Não. Assim como não é mentira que, em 8 de julho de 2014, o Brasil fez 1 gol contra a Alemanha. Como se sabe, infelizmente levou 7. E, agora, como sabemos, o tuíte de Bolsonaro não conta tudo o que Carlos Murillo, gerente-geral da farmacêutica, declarou aos senadores na CPI. Na sabatina de quinta-feira (13), Murillo revelou que o governo federal deu de ombros para pelo menos 5 ofertas de vacina — 4,5 milhões de doses, ou 20% a mais do que foi aplicado até 31 de março. Uma goleada mortal — e convenhamos que é até bondade de nossa comparação considerar a declaração recortada pelo capitão reformado como um tento. Em 21 de fevereiro de 2021, data do registro definitivo do imunizante da Pfizer, não havia sequer uma gota da vacina em território nacional para ser injetada nos braços dos brasileiros. Aprovou-se o nada.
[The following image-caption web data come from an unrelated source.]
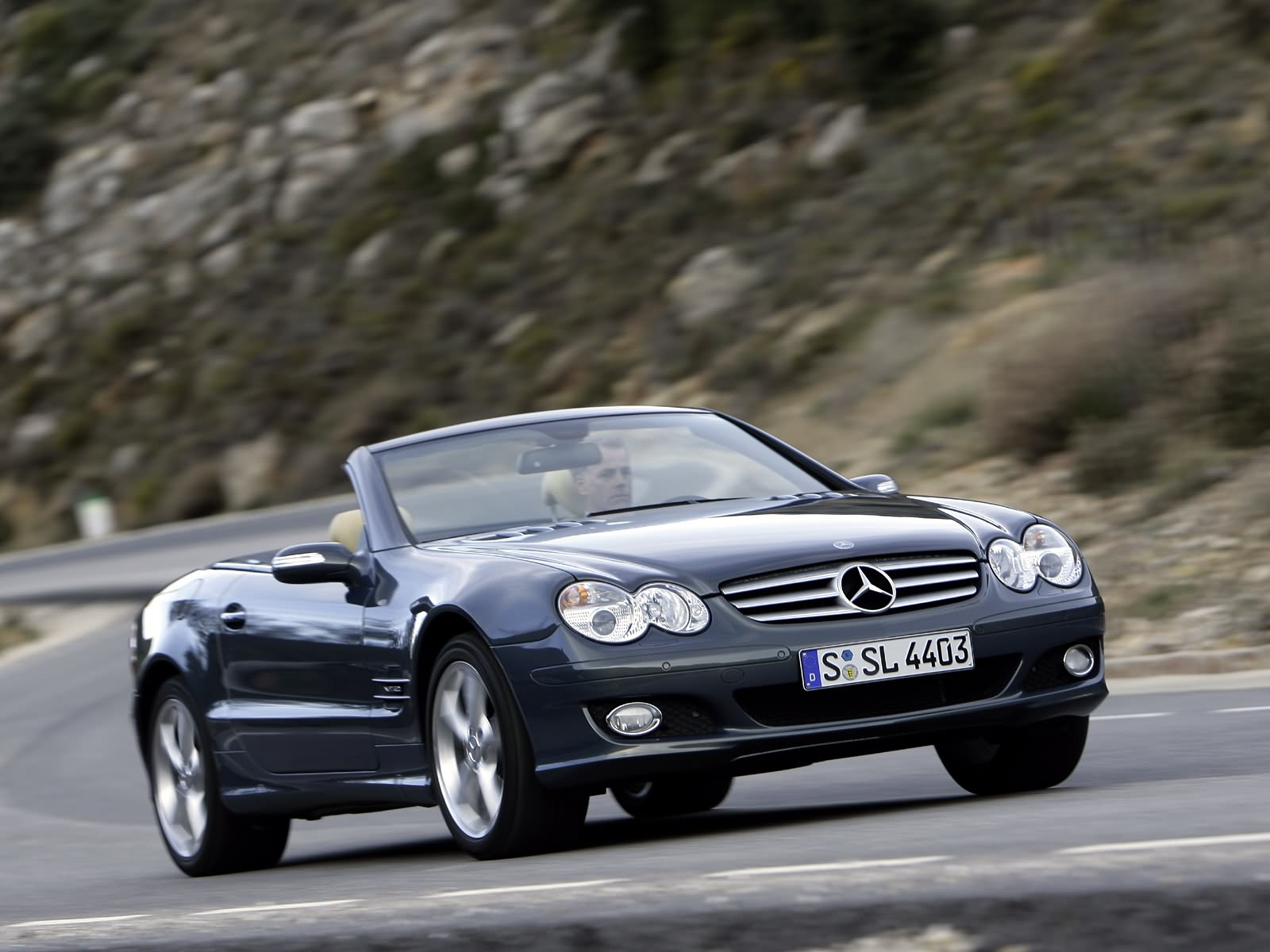 Мерседес Бенц SL 350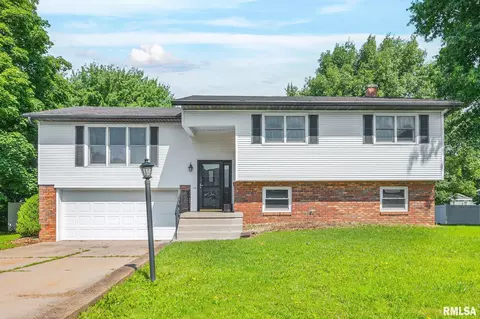 318 Arbor Vitae Dr, Germantown Hills, IL 61548
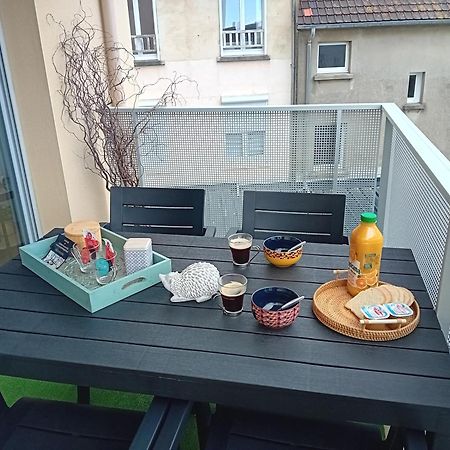 L'Atelier Des Reves A 200 M De La Plage ฟอร์-มาอง-ปลาจ ภายนอก รูปภาพ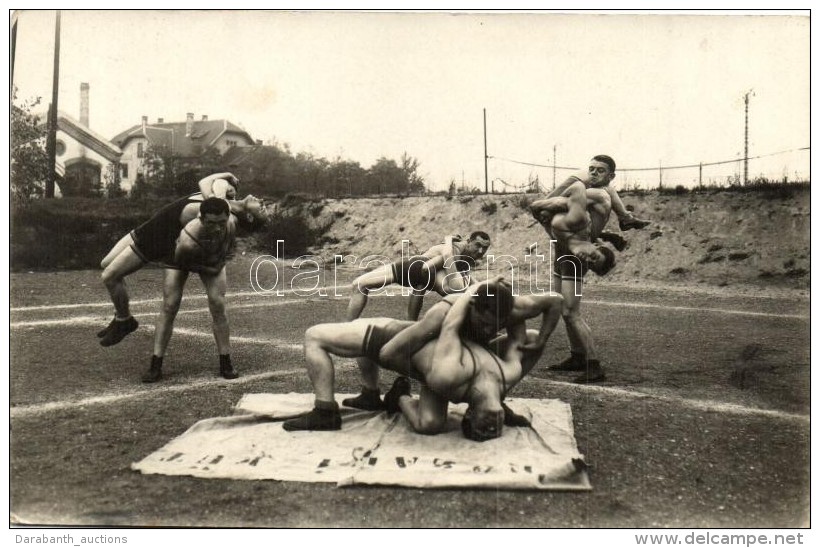 ** T2 Birk&oacute;z&oacute;k Edz&eacute;s K&ouml;zben / Training Wrestlers, Photo - Non Classés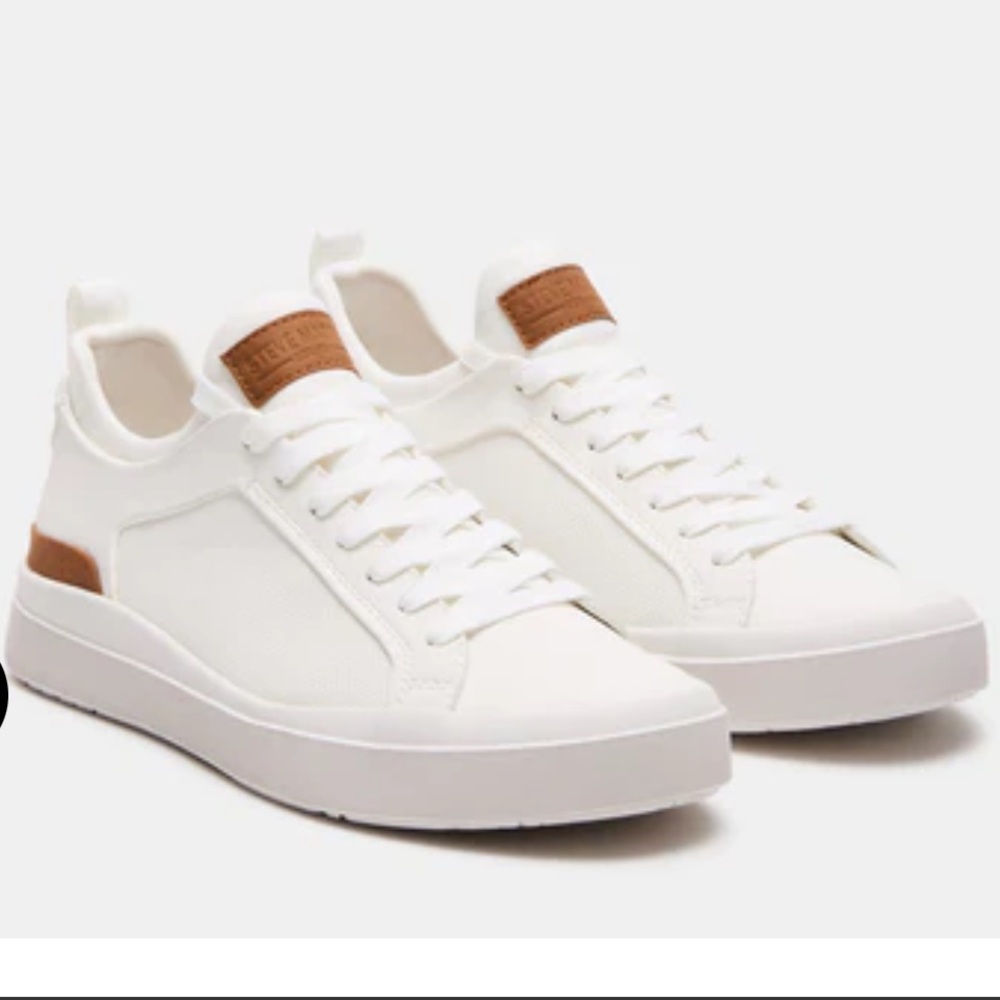 Men’s Dack Steve Madden size 9 white and tan sneakers shoes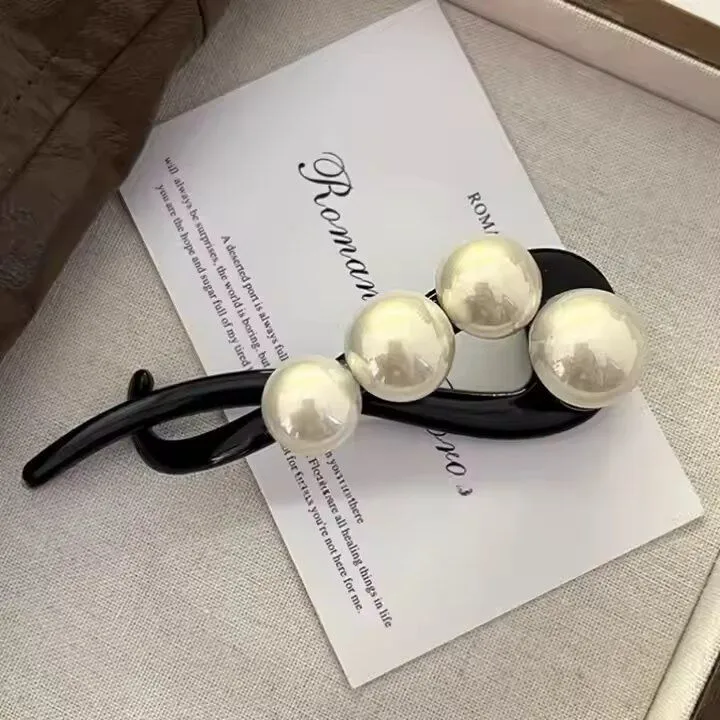 Доставка зажимов для волос (бежевый жемчуг) оптом из Китая через компанию ПЭК Гуанчжоу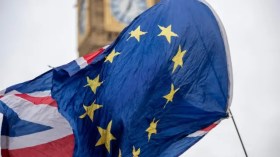 اتفاق بريطاني أوروبي لاعادة ضبط العلاقات الثنائية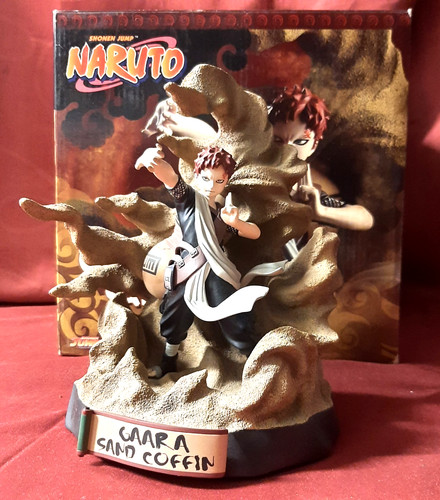 Figurine gaara sand coffin - coffin,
Assim é Bolsonaro. Um mentiroso, que quando não inventa fatos, distorce, conta meias-verdades, oculta maliciosamente, imputa culpas a terceiros e elucubra explicações paranoicas para encobrir sua maldade colossal e gigantesca incompetência. A agência de checagem Aos Fatos mantém um placar interessante sobre as patacoadas do presidente. Do início do mandato até 13 de maio, foram 2.985 declarações falsas ou distorcidas. Média de 3,5 patranhas por dia, um escândalo suficiente para naturalizarmos o fato de que o presidente do país simplesmente não é uma pessoa confiável.

A novidade é que o tamanho das pernas das mentiras começa a ser medido. Cálculo do epidemiologista Pedro Hallal indica que a assinatura do acordo com a Pfizer no tempo certo teria poupado 5 mil vidas e 23 mil internações. Logo surgirão outras estimativas relativas às vidas perdidas pela sabotagem sistemática ao isolamento social e pela insistência na cloroquina. A conta do genocídio vai ficar mais clara — e subir.

O castelo de mentiras do bolsonarismo vai desabando. Será o suficiente? O último DataFolha registra 51% de ruim e péssimo na avaliação popular sobre a gestão presidencial da pandemia. A tendência de perda de popularidade tem sido lenta e nem sempre inequívoca. Quem gritou "agora já era" a cada nova atrocidade se decepcionava logo em seguida. Para muitas pessoas, a opção por alguém tão lamentável foi um investimento grande e difícil de abandonar. Ainda mais se considerarmos o contexto social atual, o da pós-verdade, marcado pela prevalência das emoções sobre a razão na tomada de decisões na vida prática.

Isso não significa que a racionalidade acabou. A melhor forma de enxergar o embate emoção x razão é desenhando uma linha contínua de um pólo a outro. Há pessoas que se situam em um ou outro extremo, enquanto a grande maioria se posiciona em espaços intermediários. Há, portanto, uma disputa, que pelo desenrolar lembra mais uma maratona do que uma corrida de 100 metros. Como serão recebidas as possíveis melhoras da situação sanitária e econômica com o avanço — ainda que lento e tardio — da vacinação? Ou, mais imediatamente, com as conclusões da CPI, que caminham no sentido de reunir provas de negligência no combate à covid-19 e reforço da tese de que houve, sim, genocídio?

De concreto, apenas a certeza de que, para um grupo não desprezível de brasileiros, fatos que passaram, que ocorrem e que virão não importam. Esse contingente se relaciona com Bolsonaro de forma puramente emocional, baseado no carisma — a crença em dons extraordinários do líder. É o que lhes restará, já que a cada dia fica mais difícil encontrar uma razão, qualquer que seja, para defender o presidente e suas mentiras.